Vote Ochi – a Grexit foretold

grexitOn Sunday Greece takes a historic vote on whether to accept an EU bailout. It is important not because of its knock-on impact to the world economy which will easily recover any losses (markets work on sentiment and sentiment is unfaithful and forgetful). It is important because Greece is offering a template to take genuine power from the technocrats and hand it back to the people – appropriately in the country where democracy was invented. The referendum execution is leaving much to be desired but the intention is clear and a worry for politicians across the world who believe voters cannot be trusted to make the right decision in complex matters.

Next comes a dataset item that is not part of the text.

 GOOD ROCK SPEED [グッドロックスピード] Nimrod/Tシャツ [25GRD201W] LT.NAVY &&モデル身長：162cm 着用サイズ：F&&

Greece’s referendum is certainly complex. As I write on Saturday morning Australian time – less than 48 hours from when polls open – the exact question voters are deciding on remains obscure while a constitutional challenge to the referendum was not defeated until yesterday. That gives only a day to get millions of ballot papers out to every part of the remote countryside and each of its islands. If that sounds like a fiasco in the making it probably is, nevertheless the need for a speedy resolution is real and the Greeks themselves fully understand what is at stake.

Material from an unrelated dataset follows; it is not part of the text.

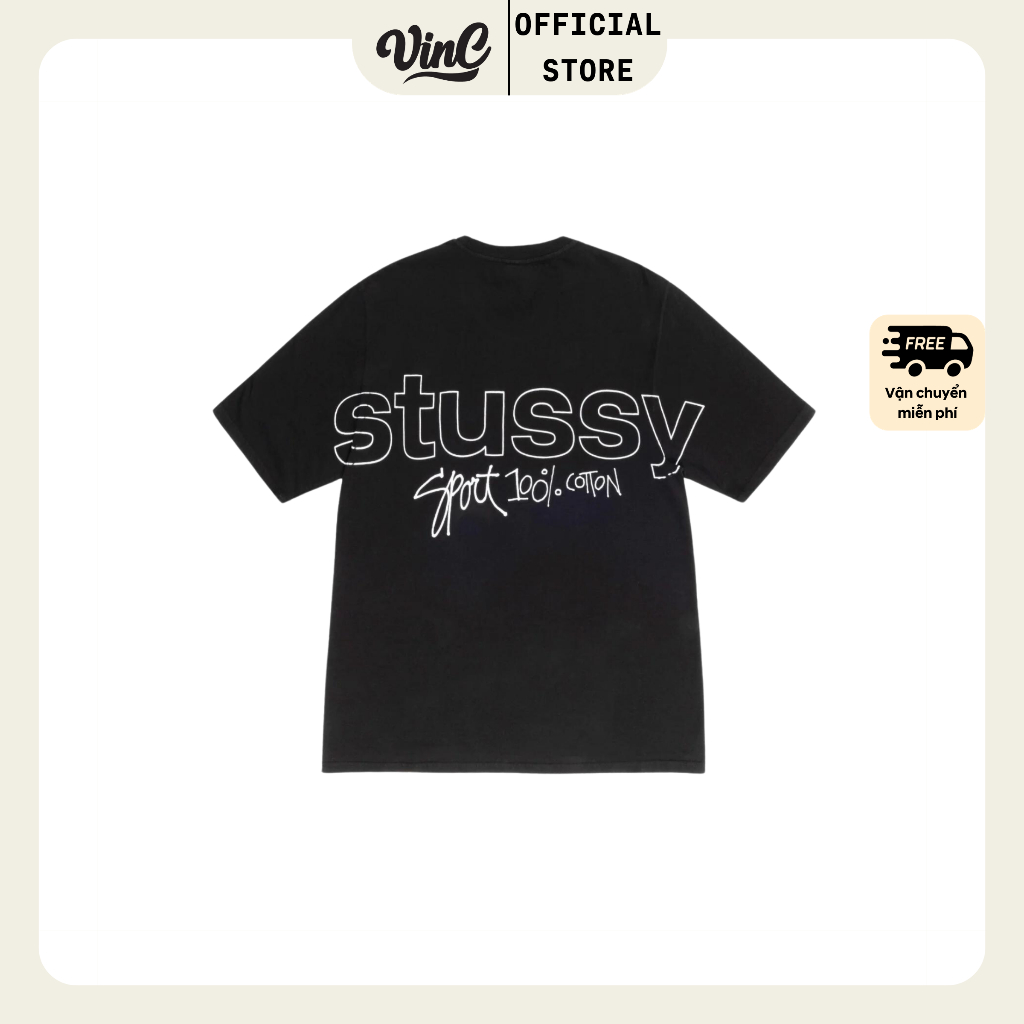 Áo thun Stussy Sport 100% Pigment Dyed unisex  - CÓ SẴN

The question is hard, but the answer is simple, yes or no. The discussion that has gone for weeks across Greece is based on these binary opposites. The “yes” vote (confusingly to western ears “né”) is a vote to accept the continued medicine of years of austerity and low growth. It is “the devil you know” and an easy choice to ensure many more years of what Greece has endured since 2009, but within the euro. The yes vote is supported by most of Greece’s centrist political parties, the business community and Greece’s EU partners.

The no vote (transliterated as “ochi” or “oxi”) is more of a leap into the unknown. Prime Minister Alexis Tsipras has hitched his Syriza government to ochi, demanding the forgiveness of a third of Greece’s massive debt and delayed payment on the rest. Syriza came from nowhere in 2014 to win government because they could articulately plot a future that extricated Greece from its problems, foreign debts that even decades of austerity would not clear. One early joke was that Syriza would counterclaim Germany for $250 billion of Second World War reparations to Greece.

But Tsipras’s bargaining chip was simple: give us relief or we stop paying. The ultimate action in this game of bluff is creditors would throw Greece out of the euro zone, which Syriza claims it does not want to happen. Yet this is the path “ochi” takes us on, a fact the people know regardless of how Tsipras frames the question. The prime minister has complicated his gambit by increasing the stakes. Syriza has pledged its future on the people voting no on Sunday. If the ‘né’ vote wins, then Tsipras and his finance minister Yanis Varoufakis will resign and the government will fall.

Nevertheless you can expect weasel room, as three results are possible: a strong yes victory, a weak yes victory and a no victory. Europe is hoping for a strong yes vote, one that keeps Greece just inside its monetary tent but placed on the naughty step for the foreseeable future. Greece would pull back from the brink and a managerialist government would replace Syriza and implement the wishes of Berlin paymasters.

That’s if there is a strong win but what the polls are predicting is a weak yes win. That could leave Greece in status quo, Syriza or some proxy paying creditors till kingdom come in endless last minute negotiations that only whittle away at the edges while grumbles slowly simmer. The path could be clear for a far right government (such as Golden Dawn, which supports the referendum) to blame the weakest in Greek society for their problems and replace austerity with authoritarianism.

A ‘no’ vote is the clearest of outcomes. It will set the country on the Grexit path, certainly from the monetary union, and probably the political union. The technocrats will never admit it but European Monetary Policy is set for political reasons not financial reasons. It loosens some trade barriers but tightens others. Britain stayed out not because of the nationalistic braying of its press but because it saw how London would lose control of its destiny. Each country in the euro zone gives away its central or reserve bank and hands monetary policy to Brussels. The European Central Bank sets its main lever – interest rates – to the needs of its core constituency, Germany.

Though Germany was badly scarred by the GFC, it remains a massive and diverse economy with a well-educated workforce. The price of the euro reflects these factors. The lack of a drachma means not only that Greeks lose out on the cost of transferring currency (tourists love all countries on the euro), and remains expensive to visit, but a Greek exporter has no benefit over German exporters in currency fluctuation.

Leaving the euro may not save Greece from itself but it might save Greece from Europe. Tsipras should be applauded for trusting the electorate to make that decision and not leave it in the hands of faceless technocrats. I wish the country well, and look forward to a good exchange rate on the drachma.